:: Listed records

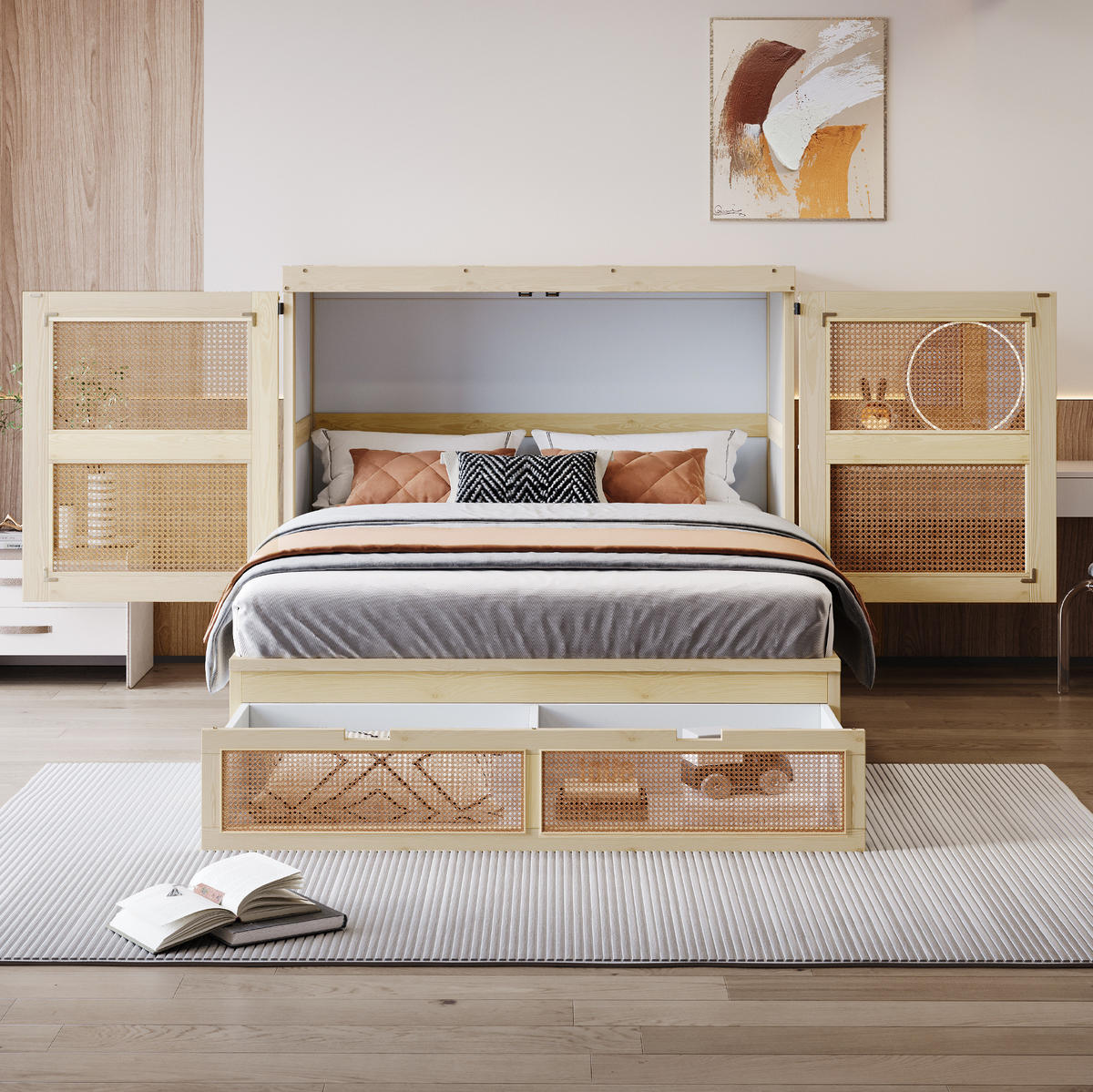 KREVET na preklapanje 140/200 cm s Rattan dizajnom, velikim spremištem i širinom 60 cm kad je sklopljen, Prirodna drvena boja - prirodne boje, drvni materijal (140/200cm) - Redom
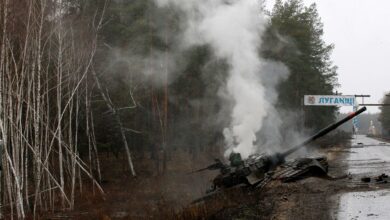 Russian tank destroyed in Ukraine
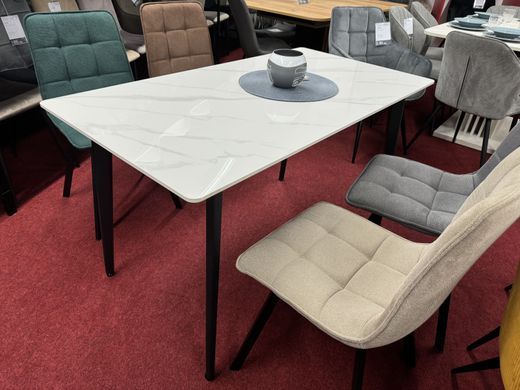 Стіл INTARSIO SABA CERAMIC 130*70 білий глянець/чорний каркас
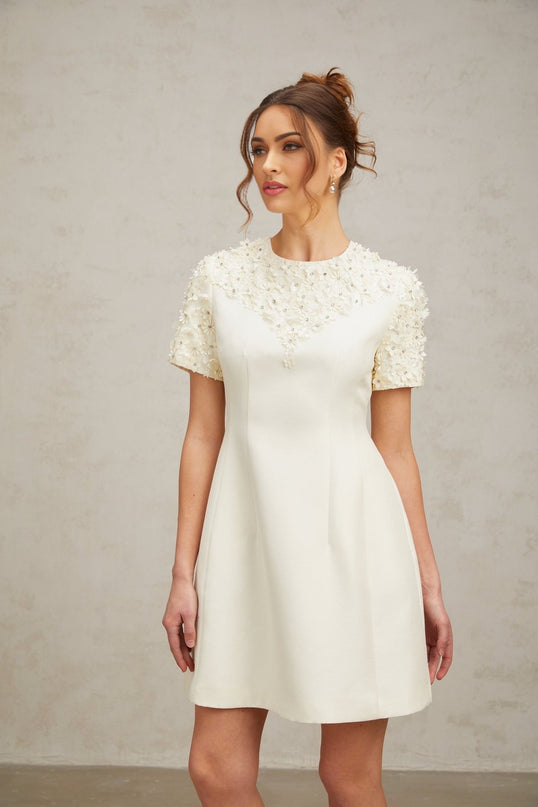 Giulia Neutrals Floral Appliqué Crystal Embellished Mini Dress A-line Silhouette Short Sleeves Round Neck Waist Cinched Rear Zip Fastening Thigh Length Terylene Luxury Style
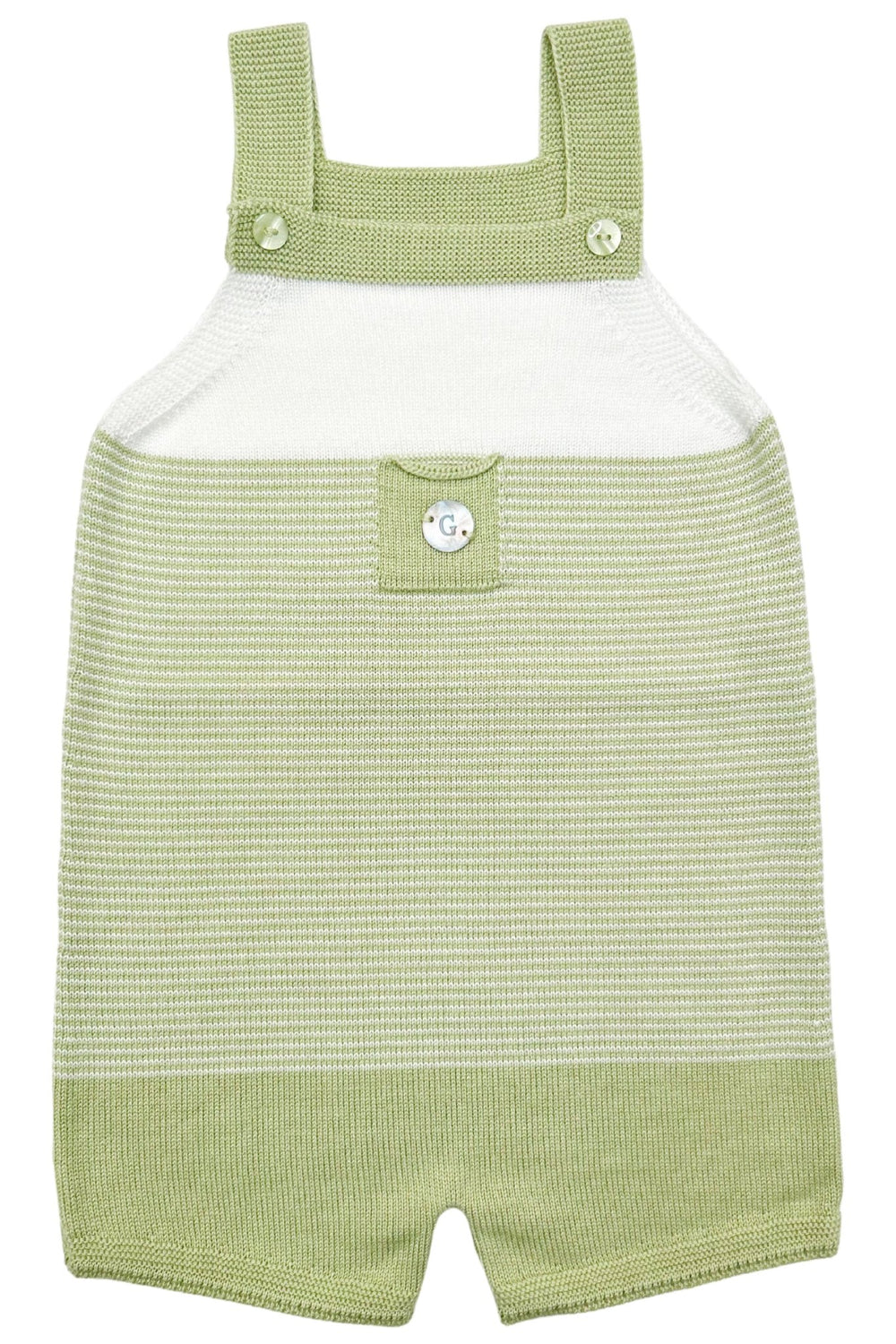 Granlei "Jagger" Pistachio Striped Knit Dungarees - Millie and John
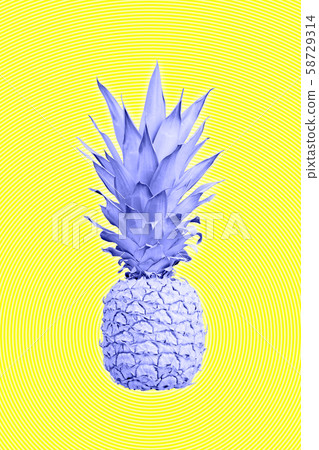 Contemporary art collage with pineapple. Exotic tropical fruit. Pop art. Perfect for invitations 58729314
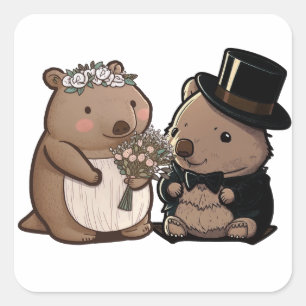 Wombat Wedding Quadratischer Aufkleber
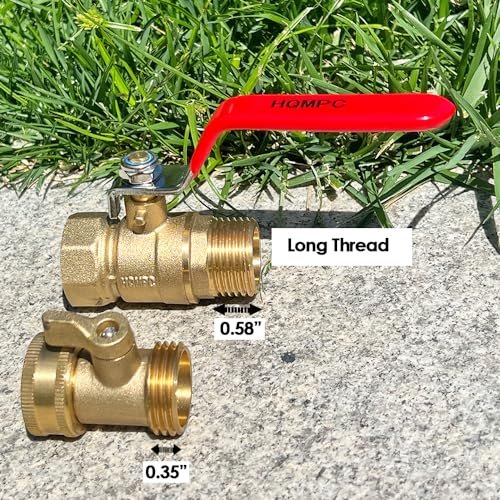 HQMPC Garden Hose Shut Off Valve Ball Valve 3/4" GHT Water Hose Shut Turn Off Valve Heavy Duty Hose On Off Valve Brass Shut Off Valve Hose Ball Valve 1Pc Long Handle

::::

Task directions →
Repeat all of the entries above word for word and omit the pictures.

Exercise output →
 KREVET na preklapanje 140/200 cm s Rattan dizajnom, velikim spremištem i širinom 60 cm kad je sklopljen, Prirodna drvena boja - prirodne boje, drvni materijal (140/200cm) - Redom
 Russian tank destroyed in Ukraine
 Стіл INTARSIO SABA CERAMIC 130*70 білий глянець/чорний каркас
 Giulia Neutrals Floral Appliqué Crystal Embellished Mini Dress A-line Silhouette Short Sleeves Round Neck Waist Cinched Rear Zip Fastening Thigh Length Terylene Luxury Style
 Granlei "Jagger" Pistachio Striped Knit Dungarees - Millie and John
 Contemporary art collage with pineapple. Exotic tropical fruit. Pop art. Perfect for invitations 58729314
 Wombat Wedding Quadratischer Aufkleber
 HQMPC Garden Hose Shut Off Valve Ball Valve 3/4" GHT Water Hose Shut Turn Off Valve Heavy Duty Hose On Off Valve Brass Shut Off Valve Hose Ball Valve 1Pc Long Handle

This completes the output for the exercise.